§ TASK BRIEF: Present an exact copy of each line below.

§ TASK MATERIAL:

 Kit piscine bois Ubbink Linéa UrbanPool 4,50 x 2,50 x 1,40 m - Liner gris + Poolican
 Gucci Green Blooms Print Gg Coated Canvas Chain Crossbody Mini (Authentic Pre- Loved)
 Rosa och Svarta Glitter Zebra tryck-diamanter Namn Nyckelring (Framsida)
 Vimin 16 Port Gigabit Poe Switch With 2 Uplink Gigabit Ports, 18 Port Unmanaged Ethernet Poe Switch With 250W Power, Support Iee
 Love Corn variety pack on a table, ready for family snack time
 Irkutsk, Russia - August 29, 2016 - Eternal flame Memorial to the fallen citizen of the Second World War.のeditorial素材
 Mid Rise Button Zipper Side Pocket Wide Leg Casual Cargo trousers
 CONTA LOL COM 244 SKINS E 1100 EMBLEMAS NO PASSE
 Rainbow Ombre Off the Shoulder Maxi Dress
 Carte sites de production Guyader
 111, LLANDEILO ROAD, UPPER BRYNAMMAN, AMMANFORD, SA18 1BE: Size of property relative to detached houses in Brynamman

§ RESULT:
 Kit piscine bois Ubbink Linéa UrbanPool 4,50 x 2,50 x 1,40 m - Liner gris + Poolican
 Gucci Green Blooms Print Gg Coated Canvas Chain Crossbody Mini (Authentic Pre- Loved)
 Rosa och Svarta Glitter Zebra tryck-diamanter Namn Nyckelring (Framsida)
 Vimin 16 Port Gigabit Poe Switch With 2 Uplink Gigabit Ports, 18 Port Unmanaged Ethernet Poe Switch With 250W Power, Support Iee
 Love Corn variety pack on a table, ready for family snack time
 Irkutsk, Russia - August 29, 2016 - Eternal flame Memorial to the fallen citizen of the Second World War.のeditorial素材
 Mid Rise Button Zipper Side Pocket Wide Leg Casual Cargo trousers
 CONTA LOL COM 244 SKINS E 1100 EMBLEMAS NO PASSE
 Rainbow Ombre Off the Shoulder Maxi Dress
 Carte sites de production Guyader
 111, LLANDEILO ROAD, UPPER BRYNAMMAN, AMMANFORD, SA18 1BE: Size of property relative to detached houses in Brynamman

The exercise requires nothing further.